Friday, 6 February 2015

Posture problems

Today is a slightly unexpected floppy day (but not wholly unexpected if I am totally honest.)

The kind of day when, as I sit here at the computer, after a few seconds I find I'm sitting like a sack of spuds. And exhausted. And brain-fogged. And generally rubbish.

Sitting like this really isn't good. It causes me all sorts of back and neck issues (some of which worsen my fatigue and brain fog), but I simply can't keep remembering to sit upright. I'm too tired and it just isn't happening!

Then I had a brainwave - switched my office chair for my gym ball.

I now have to sit up and engage my muscles.



And when I decide I've had enough - I go and rest - e.g. lie down supported in a good position.

And then return to upright when I can.

And actually, it seems to be working!

Short periods of active but gentle muscle usage, with rest periods of however long is needed.

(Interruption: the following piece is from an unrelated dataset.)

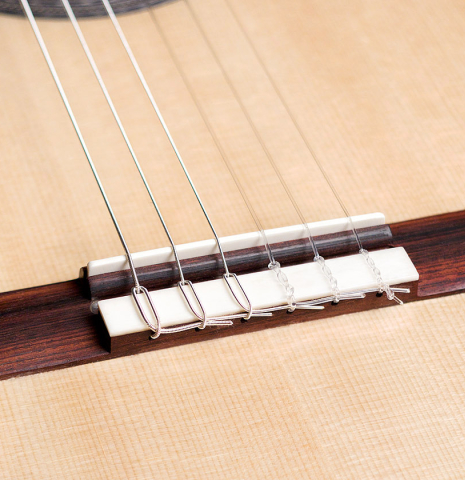Cordoba Guitars Master Series "Torres" SP/IN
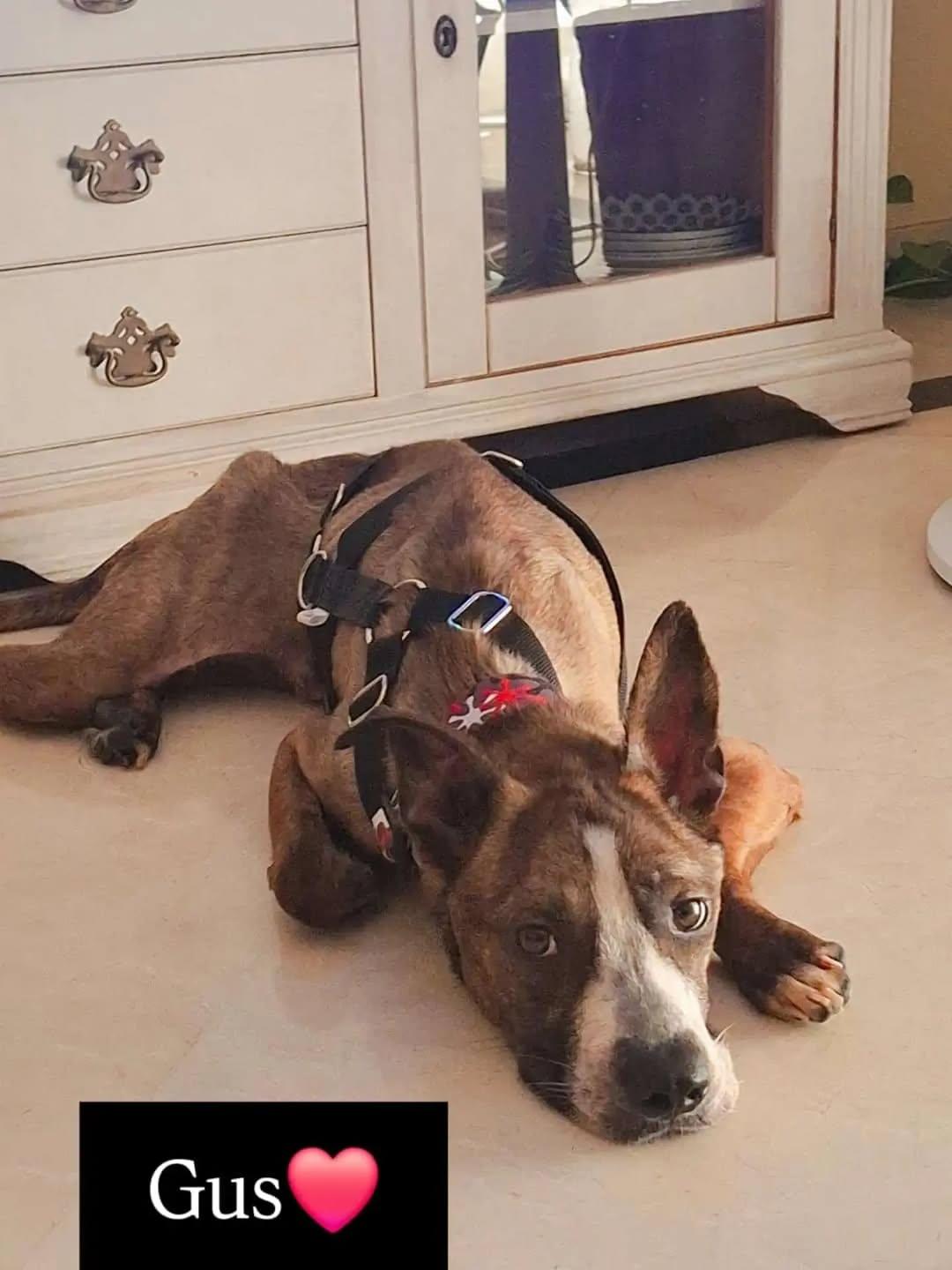 Gus (1/3)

It might have taken me 3 rest breaks to complete this blog and picture, so yes, this blog has taken longer than if I'd sat on my office chair. But instead of having gone the 'push through' route, and now reached the 'cannot funtion, but at least I did that one job' state, I am now wondering which task to take on after my next break - because the little bits of upright aren't turning me into a zombie, and I also know I'm giving important core muscles a gentle but effective workout.

The years of core exercises are paying off - I couldn't have used this technique a few years ago, but I guess the philosophy would be the same - little bits of sensible have a much greater effect than longer patches of desperate.

I declare this to be a win-win gym ball situation!

(And in case you haven't seen them already, have a look at my leaflets on common misunderstandings between patient and medical staff in the areas of Pain and Physiotherapy - cos I guess a lot of this is stuff medical professionals try to tell us...they just don't always speak the same language as we do!)

Monday, 19 January 2015

Exhibition planning!

It's official.

Im going to the 'Kidz in the middle' exhibition on the 19th March 2015 at the RICOH arena in Coventry.

My first major indoor disability exhibition.

I'm listed on the website and everything!

I went to the one in Reading as a visitor a while back and absolutely loved it. So now I'm starting to plan the stand and work out how to get the most out of the day.

I turned to google for advice -  'Top tips for exhibition stands' and the like.

But most of it was either stuff I'd already thought of - or not applicable. My favourite being "Don't sit down because it looks unprofessional". Chuckle. If you think my sitting is unprofessional, you should see my standing!

So I have returned to stand planning my way. Getting everything sorted early on so that when I arrive to set up the day before everything is planned, and everything has a home.

So far I've drafted a brochure showing all my keyring cards, sorted by topic, which will be displayed on a flip-poster stand-y thing. (I know what I mean!) A positive side effect is that I also now have a downloadable brochure of cards for customers to download and browse through or show to others.

If I sell all my products I'll clutter the stand, so I'll take samples of most things that people can play and hand out 10% off vouchers for online orders. And just have a few key items for sale. Like:

  • the Autistic Spectrum keyring card pack because I have had really positive feedback recently from parents and school teachers.
  • And the 'Positive Accessibility Symbol' stickers. Because happy, lively depictions of disability that are relevant to kids are few and far between - what better place to sell them than at a kids exhibition? Which probably means that most of my 'differently normal' stuff might need to come too.
  • And my children's books 'Welly Walks' and 'Biscuit Baking' - again, the general lack of positive, joyous, normal depictions of disability makes me want every child to read them,
  • And the 'Today is..' wristbands because these are one of my favourite (and best selling) items - so simple and yet such an effective communication tool.

And design posters showing my product types....

....and probably change my mind in 2 weeks.

All without visually overloading my 2x3m stand....I think I have my work cut out!